__Given material__.

__________

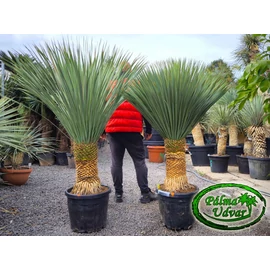 Yucca Rostrata törzs 50-60cm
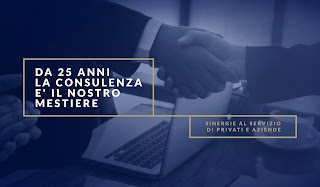 D'elia & Naglieri Consulting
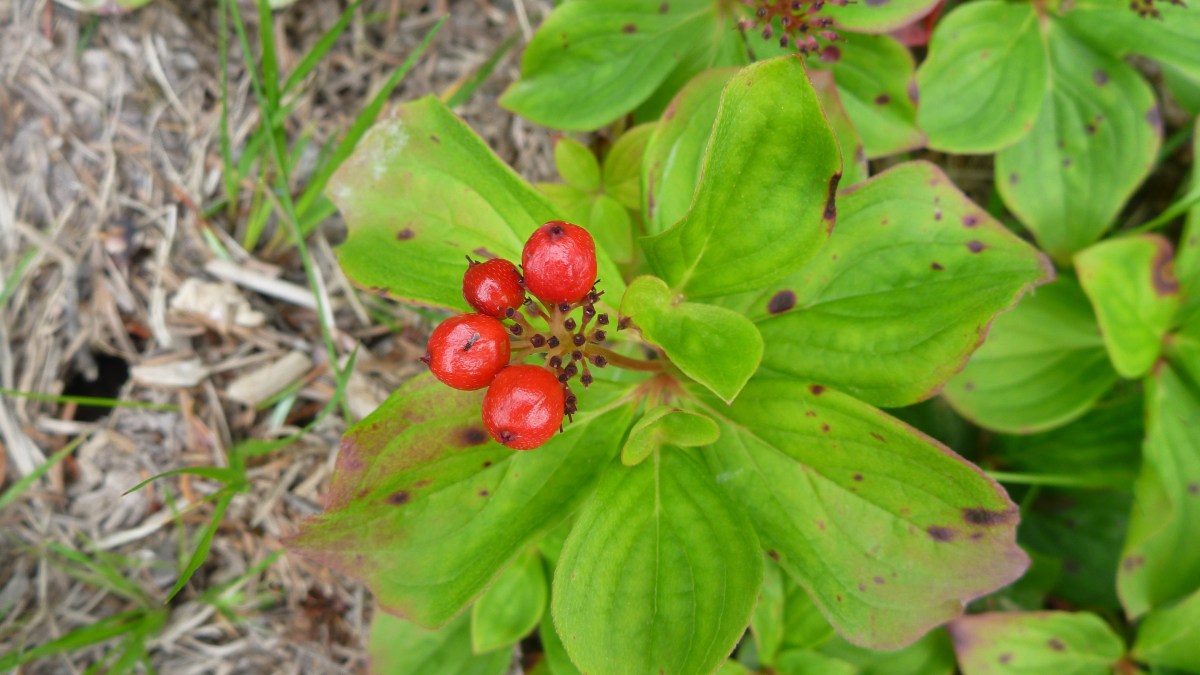 Partridgeberry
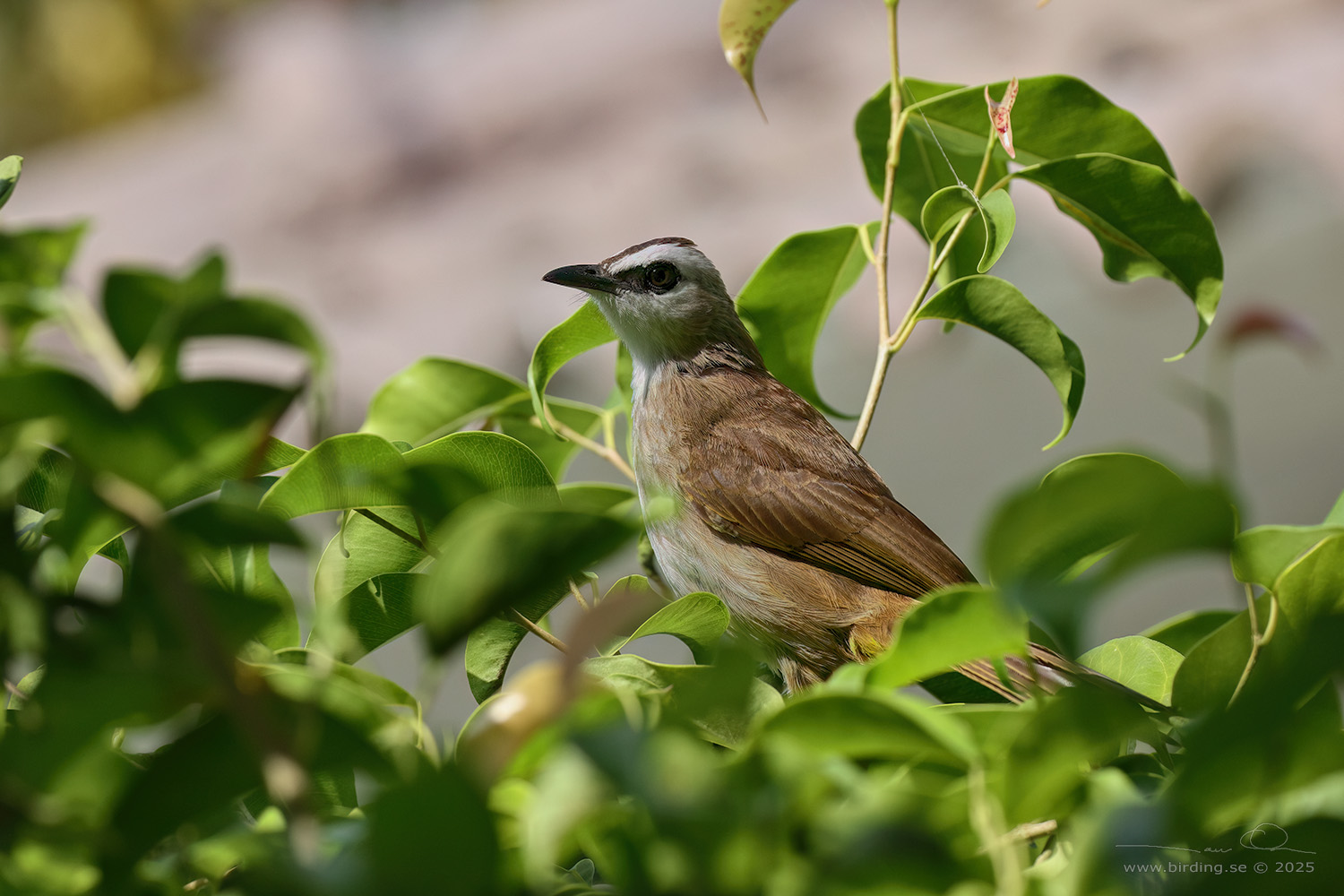 YELLOW-VENTED BULBUL (Pycnonotus goiavier)) - Stäng / close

__________

__Work item__. Quote everything in the listing above exactly; pictures are the only thing to omit.

__Task output__.
 Yucca Rostrata törzs 50-60cm
 D'elia & Naglieri Consulting
 Partridgeberry
 YELLOW-VENTED BULBUL (Pycnonotus goiavier)) - Stäng / close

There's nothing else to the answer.